WASHINGTON--The House of Representatives has approved a bill that would override a U.S. Supreme Court decision that affirmed a 180-day deadline for filing complaints of illegal pay discrimination.

The House voted 225-199 Tuesday to approve H.R. 2831, the Lilly Ledbetter Fair Pay Act, which was written in response to the Supreme Court's May 29 decision in Lilly Ledbetter vs. Goodyear Tire & Rubber Co.

Under Title VII of the Civil Rights Act of 1964, a charge of unlawful employment practice must be filed with the U.S. Equal Employment Opportunity Commission within 180 days of the alleged offense.

Ms. Ledbetter argued that Goodyear made a series of intentionally discriminatory pay decisions, some of which went back 19 years, and that those decisions affected her later earnings. The U.S. Supreme Court affirmed the 180-day deadline in its 5-4 decision.

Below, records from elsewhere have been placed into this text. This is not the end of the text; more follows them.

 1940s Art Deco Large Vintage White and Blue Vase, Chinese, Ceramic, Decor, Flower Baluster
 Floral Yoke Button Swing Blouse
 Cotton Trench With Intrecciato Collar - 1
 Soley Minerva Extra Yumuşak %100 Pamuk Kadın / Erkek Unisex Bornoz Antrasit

Employers had feared that a ruling in Ms. Ledbetter's favor would have subjected them to unjustified administrative burdens, including retaining years' worth of employment-related documents long after required by law.

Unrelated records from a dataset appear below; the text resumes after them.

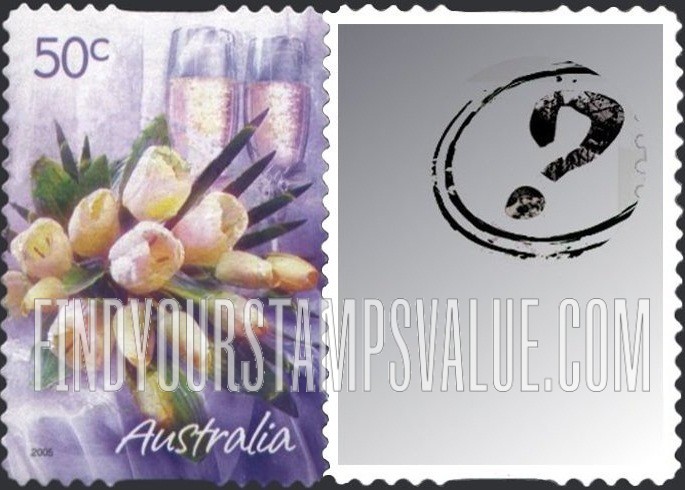 FindYourStampsValue: Greetings Types of 2005 With Personalized Photo at Right Like Type: White Roses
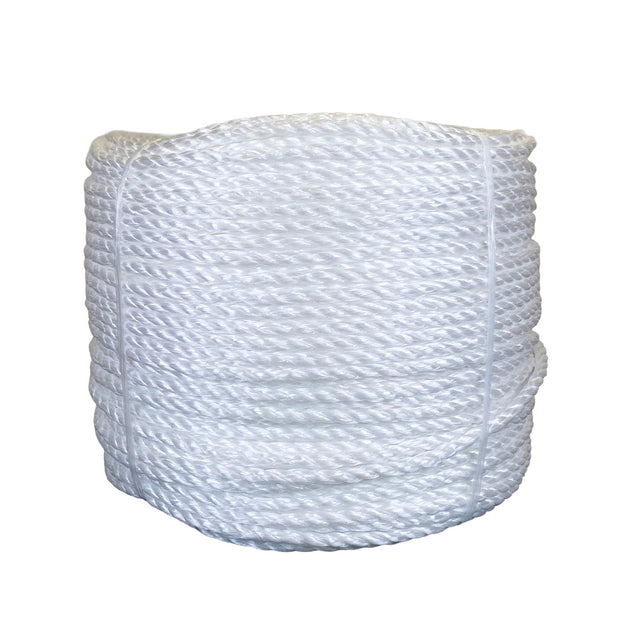 Coil of white polypropylene rope with white banding on a white background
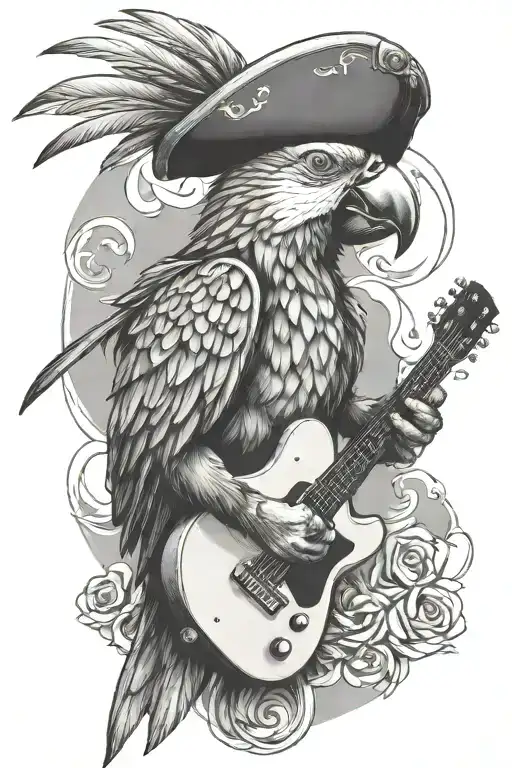 Parrot Pirate Hat And Playing Guitar
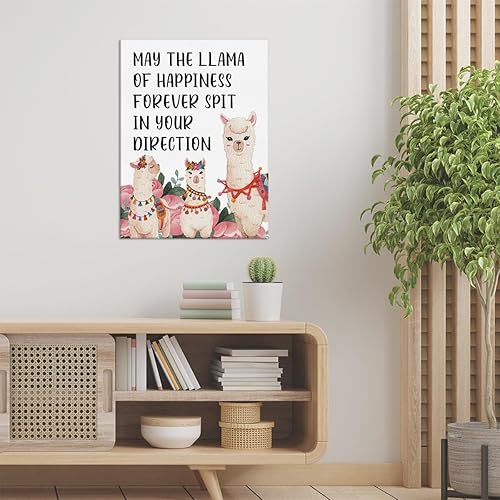 Miniatura 4 de Arte inspirador motivacional para pared, póster con texto en inglés "May the Llama of Happines", pintura enmarcada para decoración del hogar, 12 x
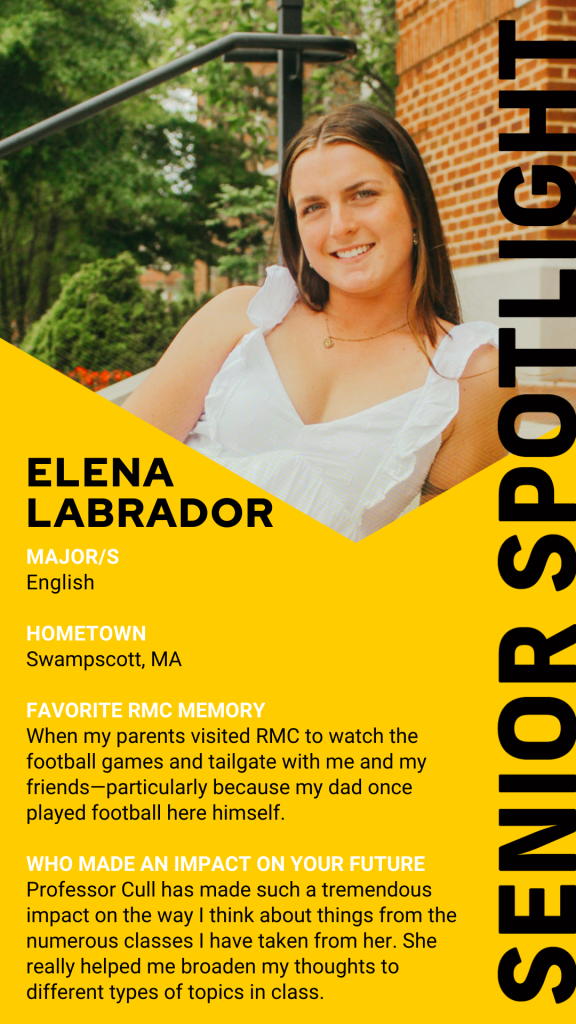 A person sits on metal stairs outside a brick building. Text highlights achievements and future aspirations as part of a senior spotlight.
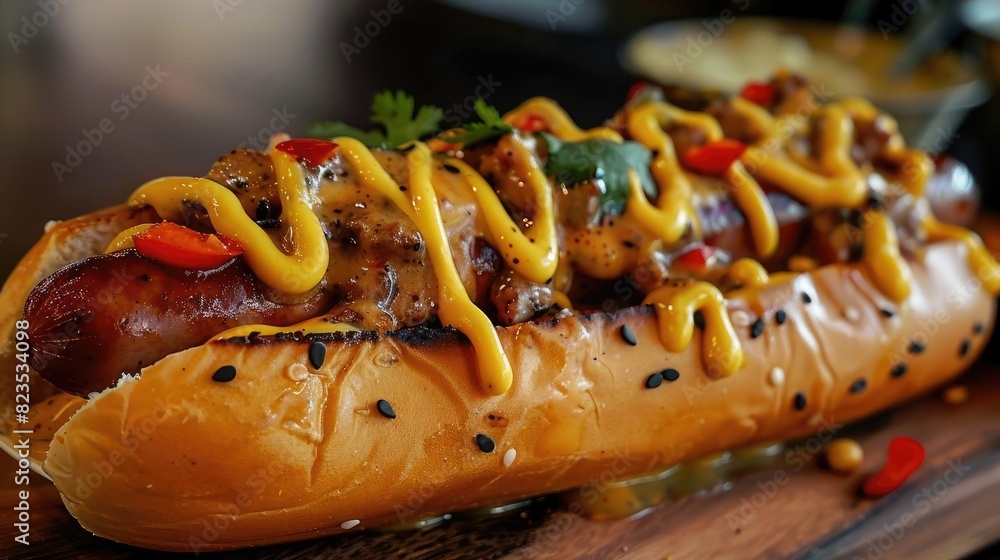 custom made wallpaper toronto digitalClose-up of a delicious hot dog topped with mustard, herbs, and spices on a wooden board, showcasing street food at its finest.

The legislation passed by the House would remove time limits on filing discriminatory compensation claims.

A companion bill, the Fair Pay Restoration Act, S. 1843, has been introduced in the Senate by 14 senators led by Sen. Edward Kennedy, D-Mass., and Sen. Arlen Specter, R-Pa.

The Office of Management and Budget said President Bush's senior advisers would recommend he veto the bill if it appears before him. The OMB said the bill constitutes an expanded application of employment discrimination law and would "undermine the important goal of having allegations of discrimination expeditiously resolved."